## [Records for this exercise]
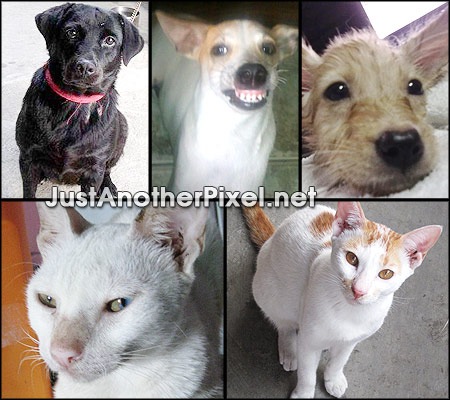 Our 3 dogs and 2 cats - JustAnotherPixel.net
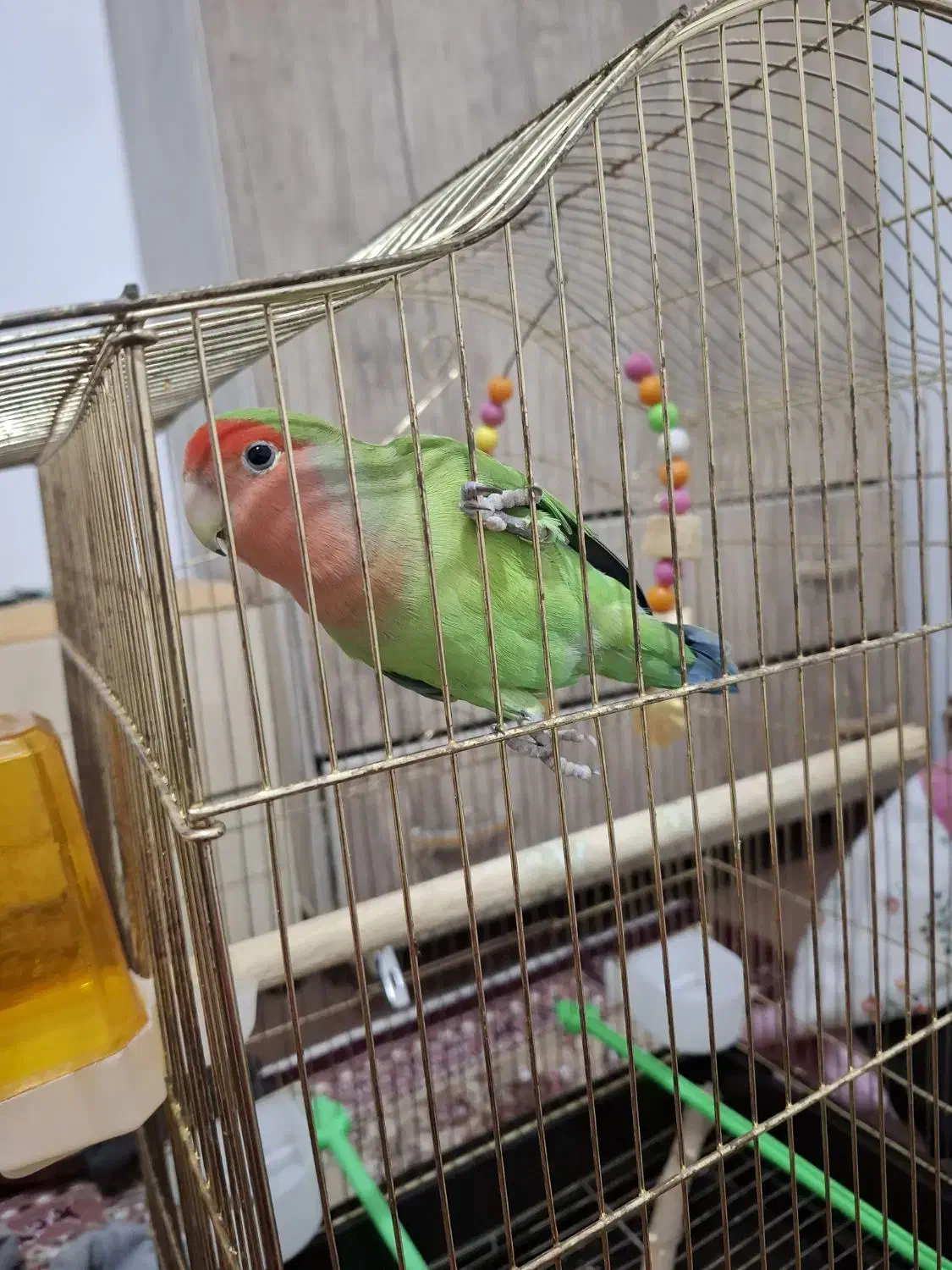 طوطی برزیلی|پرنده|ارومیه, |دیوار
--
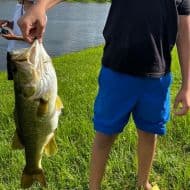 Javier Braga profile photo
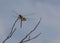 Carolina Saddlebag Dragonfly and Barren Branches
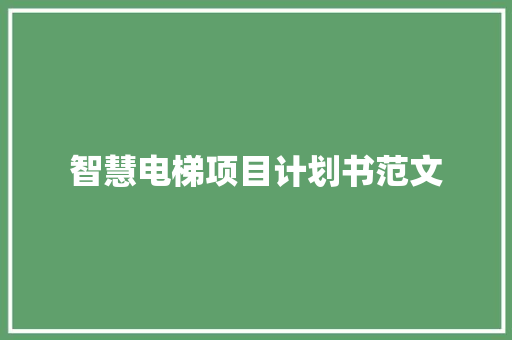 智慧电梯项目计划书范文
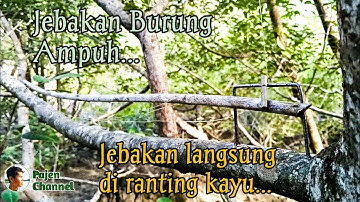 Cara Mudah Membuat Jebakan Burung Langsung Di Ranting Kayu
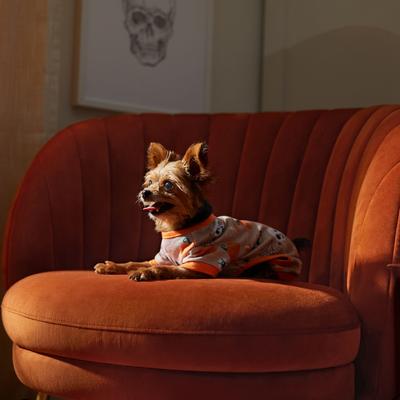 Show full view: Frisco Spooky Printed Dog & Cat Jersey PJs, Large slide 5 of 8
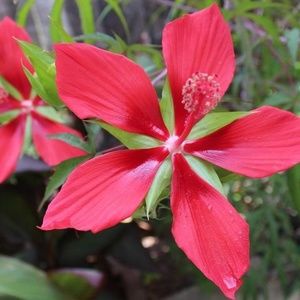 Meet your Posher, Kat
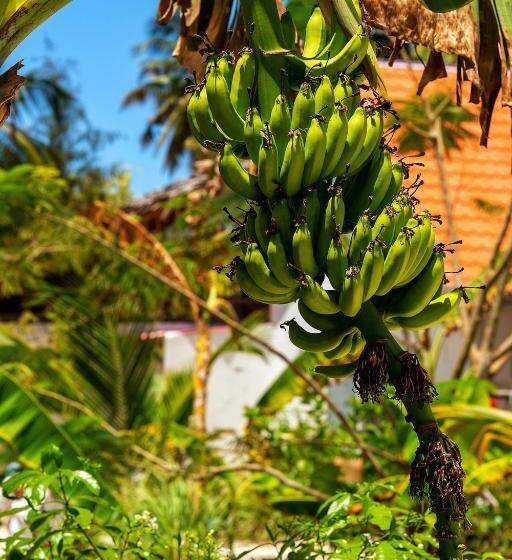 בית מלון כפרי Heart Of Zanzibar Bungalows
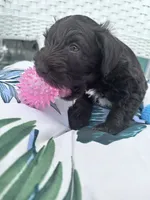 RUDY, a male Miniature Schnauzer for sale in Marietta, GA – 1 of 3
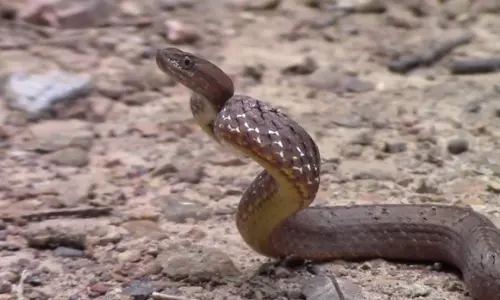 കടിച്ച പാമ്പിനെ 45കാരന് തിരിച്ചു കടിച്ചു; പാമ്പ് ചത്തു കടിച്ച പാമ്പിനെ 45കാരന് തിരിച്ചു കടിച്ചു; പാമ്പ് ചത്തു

## [Work order]
Out of the records above, set down only the lines from the one that contains "Meet your Posher, Kat" through the one that contains "കടിച്ച പാമ്പിനെ 45കാരന് തിരിച്ചു കടിച്ചു; പാമ്പ് ചത്തു കടിച്ച", unchanged and without the pictures.

## [Task response]
 Meet your Posher, Kat
 בית מלון כפרי Heart Of Zanzibar Bungalows
 RUDY, a male Miniature Schnauzer for sale in Marietta, GA – 1 of 3
 കടിച്ച പാമ്പിനെ 45കാരന് തിരിച്ചു കടിച്ചു; പാമ്പ് ചത്തു കടിച്ച പാമ്പിനെ 45കാരന് തിരിച്ചു കടിച്ചു; പാമ്പ് ചത്തു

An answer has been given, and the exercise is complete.